Among athletes, protein is a bigger topic than ever. Last year, the Academy of Nutrition and Dietetics updated their recommendation, adding more nuance. Instead of aiming for a total number of grams, they now suggest spacing your protein throughout the day, to maximize absorption. That means moderate amounts of quality protein every 3 to 5 hours, especially following strenuous training sessions, and during periods of intense training. Plus, they no longer separate protein recommendations for strength versus endurance training. So much for that old stereotype of pasta for runners and eggs for weightlifters.
The Best Protein Sources for Athletes
That said, protein doesn’t have to mean meat. You want to get protein from a variety of sources, including fish, legumes, nuts, and other plants. Athletes still love whey protein, which has so many studies behind it, and eggs are back in a big way. But the Academy does include lean meat as a good source of protein for athletes. And for female athletes in particular, meat offers additional benefits, providing vitamin B12, iron, and other minerals. Those help protect against iron deficiency and anemia, issues that come with endurance training, training at high altitude, and menstrual blood loss.
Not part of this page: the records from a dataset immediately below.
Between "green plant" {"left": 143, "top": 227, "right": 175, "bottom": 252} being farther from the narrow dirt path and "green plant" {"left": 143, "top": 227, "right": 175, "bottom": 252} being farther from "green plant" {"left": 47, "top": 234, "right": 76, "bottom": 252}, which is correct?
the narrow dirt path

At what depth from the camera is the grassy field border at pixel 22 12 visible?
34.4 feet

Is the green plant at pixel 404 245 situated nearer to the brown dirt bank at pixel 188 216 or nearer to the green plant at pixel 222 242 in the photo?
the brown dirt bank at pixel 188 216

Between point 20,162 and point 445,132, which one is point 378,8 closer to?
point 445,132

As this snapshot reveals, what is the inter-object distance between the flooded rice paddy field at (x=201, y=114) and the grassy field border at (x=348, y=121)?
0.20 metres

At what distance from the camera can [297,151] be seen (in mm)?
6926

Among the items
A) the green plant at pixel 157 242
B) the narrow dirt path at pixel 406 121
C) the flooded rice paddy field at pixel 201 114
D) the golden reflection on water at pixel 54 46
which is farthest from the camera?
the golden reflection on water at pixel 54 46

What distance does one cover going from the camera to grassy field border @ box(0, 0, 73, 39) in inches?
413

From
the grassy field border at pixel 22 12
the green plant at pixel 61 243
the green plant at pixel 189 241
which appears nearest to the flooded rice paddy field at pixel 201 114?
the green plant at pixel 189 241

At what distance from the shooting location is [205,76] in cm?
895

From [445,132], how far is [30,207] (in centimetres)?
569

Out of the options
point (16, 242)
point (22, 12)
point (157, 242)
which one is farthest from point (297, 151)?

You can get some iron from veggies (keep eating those greens!). But eaten in moderation and as part of a balanced diet, red meat is still one of the best sources for protein and iron. So ladies, don’t pass on those dark meat chicken thighs and lean flank steak. You’ll be in good company. Shalane Flanagan loves bison meatballs. Sarah Hall is putting liver in her blender. And Katie Forrest went on to co-found Epic Provisions with her husband, Taylor Collins, so you have the option to throw a meat stick in your gym bag, instead of a granola bar.
How to Make Sure You’re Hitting Enough Protein
If you think meat’s been missing from your diet, a few ounces of lean grass-fed meat a few times a week is a smart strategy to refuel and run fast. Here’s how to crunch those numbers like a carnivore. The recommendation for athletes is 0.3 g of protein per kg of bodyweight. So if you weigh 150 pounds, that’s 68 kilograms, or 20 g of protein you’re trying to hit every 3 to 5 hours, including after tough workouts. That could look like 1 cup of Greek yogurt with berries for breakfast, 3 ounces of chicken or turkey on your sandwich or salad for lunch, or 3 ounces of lean steak, pork, or lamb to go along with your sweet potato and green beans for dinner. That’s a pretty small portion, so be mindful, and skip marbled cuts, high in saturated fat, and processed meats, packed with harmful preservatives (that’s a hard no on hot dogs!).
This article is not intended to substitute for informed medical advice. You should not use this information to diagnose or treat a health problem or condition. Always check with your doctor before changing your diet, altering your sleep habits, taking supplements, or starting a new fitness routine.